Peter Marocco, who is serving as acting deputy administrator for USAID, told lawmakers in a closed-door briefing Wednesday that he and his staff are looking at making criminal referrals to the Department of Justice, according to two people familiar with the conversations.
It’s unclear if Marocco will follow through on the threat, said one person who was in the room during the briefing, but they saw it as a significant signal, coming up in a meeting with members of the House Foreign Affairs Committee.
A January memo from the USAID Office of Inspector General (OIG) laid out resistance from some aid grantees over sharing information that officials say is needed for oversight and accountability. The OIG memo highlighted $8 billion that was primarily distributed to United Nations agencies and multilateral development banks which they criticized as being shielded from scrutiny.
However, an OIG advisory notice on Feb. 10 warned that the Trump administration’s mass layoffs of USAID staff and contractors, and a freeze on foreign aid, hindered oversight and the safeguarding of $8.2 billion in obligated humanitarian assistance. Both OIG reports were authored by Paul K. Martin. A veteran of Trump's first term who was appointed by Biden on Jan. 2, Martin was dismissed on Feb. 11.
The State Department, when reached for comment, said it generally does not comment on communications and briefings with Congress. Secretary of State Marco Rubio is the official head of USAID, but Marocco has been a leading figure in efforts to gut the agency.
Criminal referrals would further escalate tensions between the Trump administration and Elon Musk’s Department Of Government Efficiency team on one side, and government employees, foreign aid recipients and Democrats on the other. Some Republicans have privately advocated for certain programs and spending priorities behind the scenes.
Democrats slammed the Wednesday meeting with Marocco, saying little information was learned about the Trump administration’s decision to carry out mass layoffs related to USAID and terminate thousands of funding grants, amounting to about $60 billion.
“We asked specifically what American companies who have been contracted with the State Department, contracted with the USAID, have been terminated and why. He refused to answer the question,” Rep. Sydney Kamlager-Dove (D-Calif.) said.
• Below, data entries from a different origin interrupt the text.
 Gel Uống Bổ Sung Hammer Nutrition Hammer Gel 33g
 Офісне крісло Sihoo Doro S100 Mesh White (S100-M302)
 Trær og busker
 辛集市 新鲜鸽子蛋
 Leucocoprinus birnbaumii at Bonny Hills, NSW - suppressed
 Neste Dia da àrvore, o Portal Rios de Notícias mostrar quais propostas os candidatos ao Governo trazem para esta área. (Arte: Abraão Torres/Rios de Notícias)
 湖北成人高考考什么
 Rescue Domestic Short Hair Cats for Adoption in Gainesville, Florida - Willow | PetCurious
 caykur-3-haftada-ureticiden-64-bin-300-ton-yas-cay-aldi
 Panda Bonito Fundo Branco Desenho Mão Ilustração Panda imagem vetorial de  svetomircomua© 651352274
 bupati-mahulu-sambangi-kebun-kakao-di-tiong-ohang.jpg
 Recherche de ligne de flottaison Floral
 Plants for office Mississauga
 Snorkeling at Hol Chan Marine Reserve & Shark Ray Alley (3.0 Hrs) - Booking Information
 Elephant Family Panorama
“While he contradicted himself, saying that they have detailed documentation on all of the programs, on all of the vendors, and yet somehow he is not able to provide that information.”
Democrats complained the briefing occurred behind closed doors and not publicly, lasted only one hour and permitted each lawmaker 30 seconds to ask questions, with few if any follow-ups allowed. Marocco was given two minutes to answer each question.
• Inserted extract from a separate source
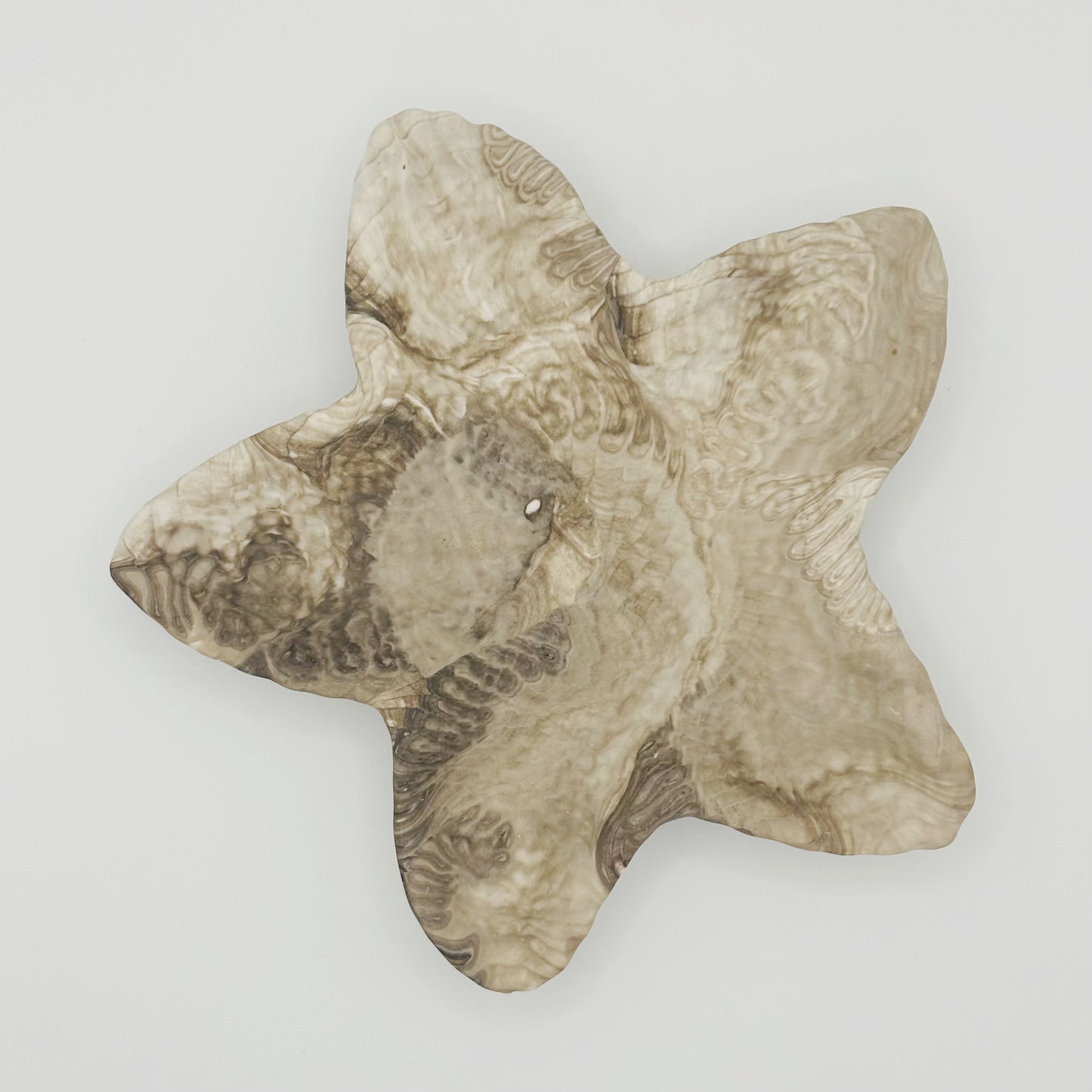 Vide poches étoile de mer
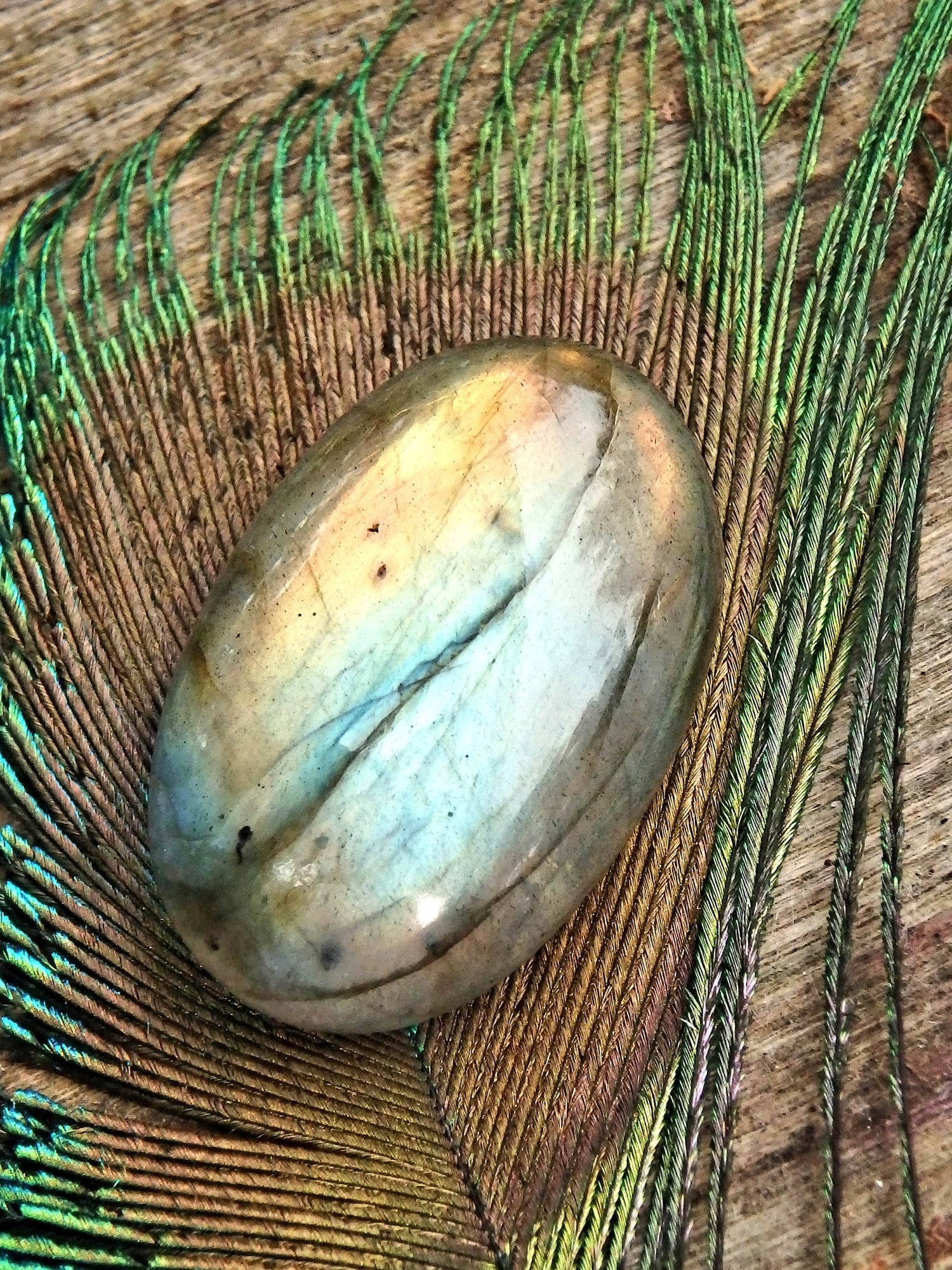 Optical Blue & Golden Flash Labradorite Cabochon - Metiz Tier Price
“He couldn't address why errors were made, he couldn't give us any specifics on how they are conducting this review,” Rep. Sara Jacobs (D-Calif.) said.
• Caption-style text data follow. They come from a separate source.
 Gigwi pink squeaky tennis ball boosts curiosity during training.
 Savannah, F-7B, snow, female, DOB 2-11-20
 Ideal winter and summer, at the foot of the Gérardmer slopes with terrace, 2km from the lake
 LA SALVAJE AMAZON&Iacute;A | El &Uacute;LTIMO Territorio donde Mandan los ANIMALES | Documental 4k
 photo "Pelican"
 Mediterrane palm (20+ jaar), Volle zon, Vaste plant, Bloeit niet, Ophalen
“He couldn't give us answers on what specific programs are turned off or turned on, and he wouldn't even commit to providing us written accounting of what the money is going to and what is being turned on and what is being turned off. So I think it's clear that this is anything, but an actual methodical review.”
And not all Republicans were comfortable with Marocco’s briefing.
Rep. Michael McCaul (R-Texas), chair emeritus of the committee, said Marocco told the group that waivers, meant to exempt lifesaving foreign assistance, were not being “fully implemented.”
“They have lifesaving, humanitarian assistance waivers, and they need to implement them,” McCaul said. The former chair left the hearing after about 30 minutes. Outside, HIV/AIDS activists protested the hearing, shouting “Marocco has blood on his hands! Unfreeze aid now!”
Still, Republicans have rallied around grants to programs they oppose, such as LGBTQ inclusion and visibility programs, or education grants for refugees.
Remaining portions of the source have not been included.